** Opening Entries shown block **

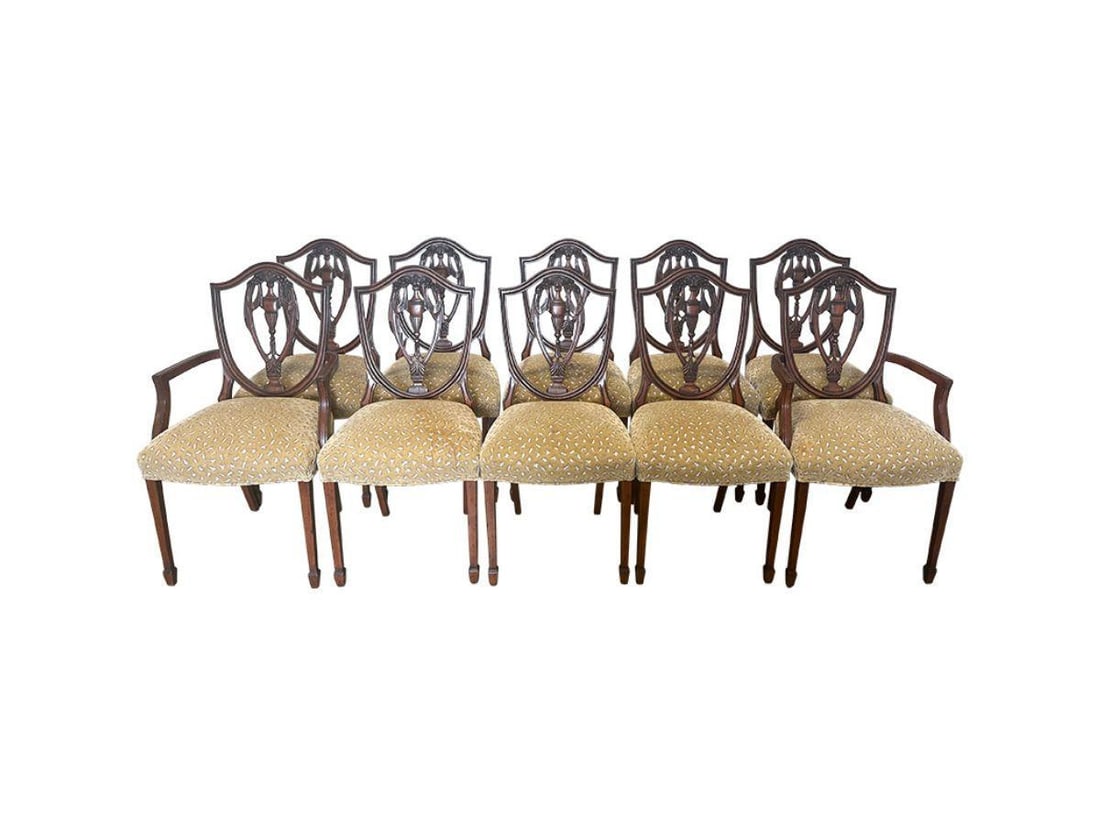 Shield Back Dining Chairs, Set of 10: Side Chair: 19 in. w x 18.5 in. d x 38.5 in. h, Seat height: 20 in., Arm Chair: 22.5 in. w x 18.5 in. d x 38.5 in. h, Seat height: 20 in., Arm height: 27 in. Upholstery has visible staining particular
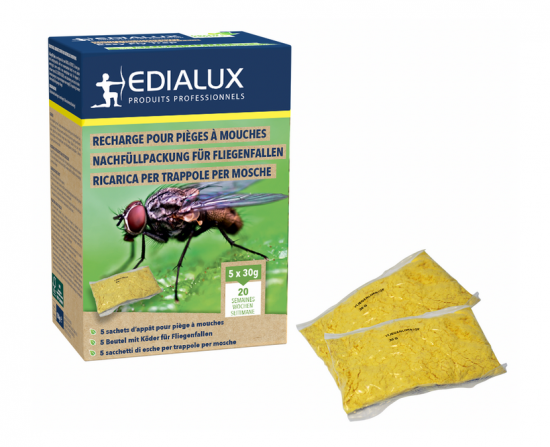 Lot de 5 recharges piège à mouches – sachets attractifs extérieur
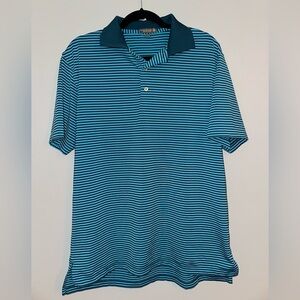 Peter Millar Summer Comfort Competition Stripe Stretch Jersey Polo Men's L Blue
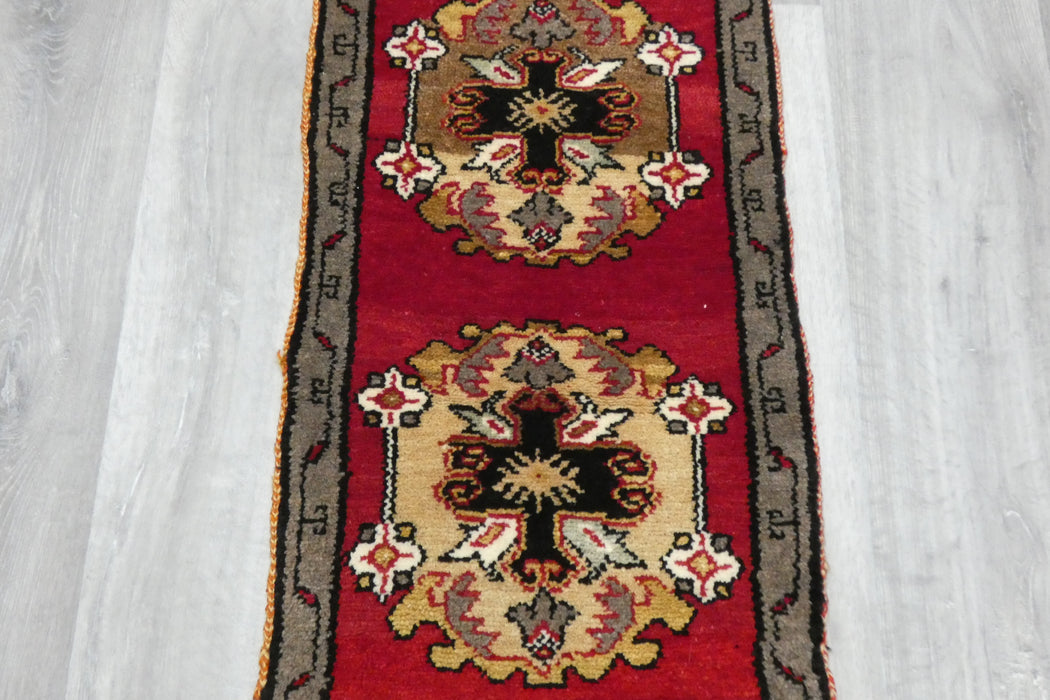 Vintage Turkish Anatolian Tribal Rug  Size: 83 x 42cm- Rugs Direct 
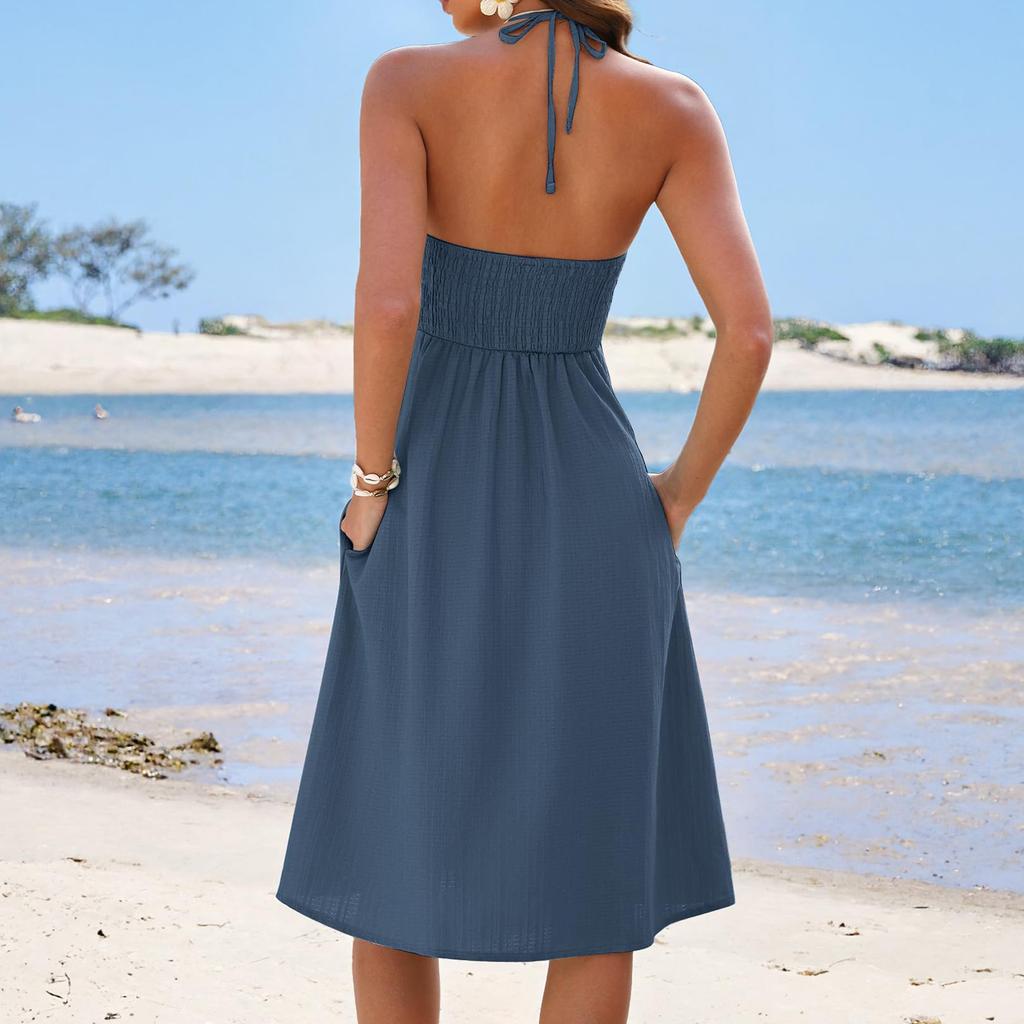 Damen Farb Ärmellos Slim Fit Modisches Langes Kleid
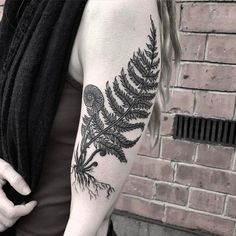 a black and white photo of a fern leaf tattoo on the left upper half of the arm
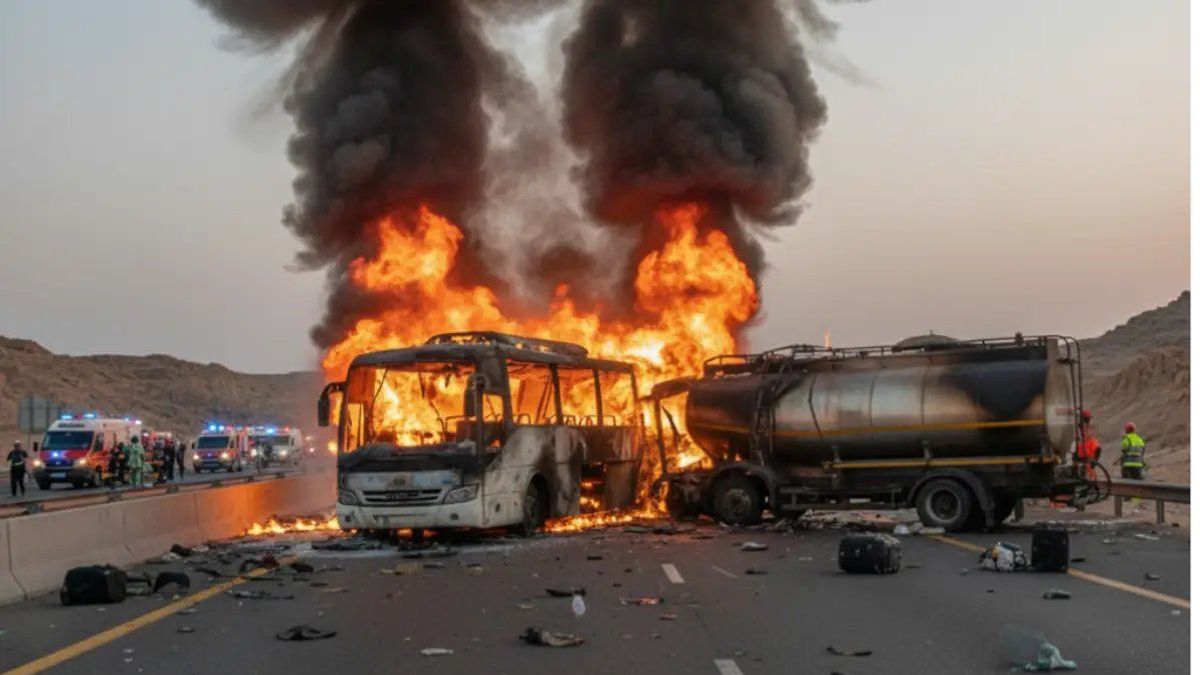 Автобус сгорел в Медине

** Closing Entries shown block **

Restate the data above word for word, omitting every picture.

» **Result**
 Shield Back Dining Chairs, Set of 10: Side Chair: 19 in. w x 18.5 in. d x 38.5 in. h, Seat height: 20 in., Arm Chair: 22.5 in. w x 18.5 in. d x 38.5 in. h, Seat height: 20 in., Arm height: 27 in. Upholstery has visible staining particular
 Lot de 5 recharges piège à mouches – sachets attractifs extérieur
 Peter Millar Summer Comfort Competition Stripe Stretch Jersey Polo Men's L Blue
 Vintage Turkish Anatolian Tribal Rug  Size: 83 x 42cm- Rugs Direct 
 Damen Farb Ärmellos Slim Fit Modisches Langes Kleid
 a black and white photo of a fern leaf tattoo on the left upper half of the arm
 Автобус сгорел в Медине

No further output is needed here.